Thomas Watson wrote:
I do not see a need to support this. A simple test shows that a
URLClassLoader loading jar files does not support this, although it
seems to work for URLs to a directory.
The OSGi Specification states that the Bundle.getResource(String)
behavior should be equal to the ClassLoader.getResource(String) which on
Sun JDK 6 update 1 (my configuration) it's able to resolve resource
containing '.' and '..'.
The code which I used in tests is more or less the following:
package tests.resource;
import java.net.URL;
public class TestResourceLoading{
public static void main(String args[]){
ClassLoader loader =
Thread.currentThread().getContextClassLoader();
URL url =
loader.getResource(".././resource/TestResourceLoading.class");
System.out.println("Loading "+url);
}
}
The javadoc for
ClassLoader.getResource also makes no mention that the resource name can
have relative resource path segments (e.g. '.' or '..') and that the
classloader must normalize the resource path when searching.
Did you mean that JavaDoc of ClassLoader.getResource(String) states that
the programmer must normalize the resource-path before invoking the
method?
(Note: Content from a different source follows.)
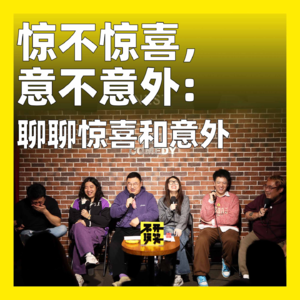 167.惊不惊喜，意不意外：聊聊惊喜和意外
Because I've looked at the JavaDoc of ClassLoader and
ClassLoader.getResource(String) and I couldn't find any information
about that.
The
Bundle.getResource is pretty much an equivalent to
ClassLoader.getResource() method.
If you want to get a resource from a bundle which is relative to another
resource then you could use an initial URL as a context for a relative
URL like this:
URL initialResource = bundle.getResource("test/dir1/resource1.txt");
URL relativeResource = new URL(initialResource, "../dir2/resource2.txt");
FWIW the equinox framwork does not support '.' or '..' segments in
resource names for Bundle.getResource either.
BTW, it's not a problem for me if we decide to do not support '.' or
'..' paths, at least we add some documentation or some entry in the FAQ.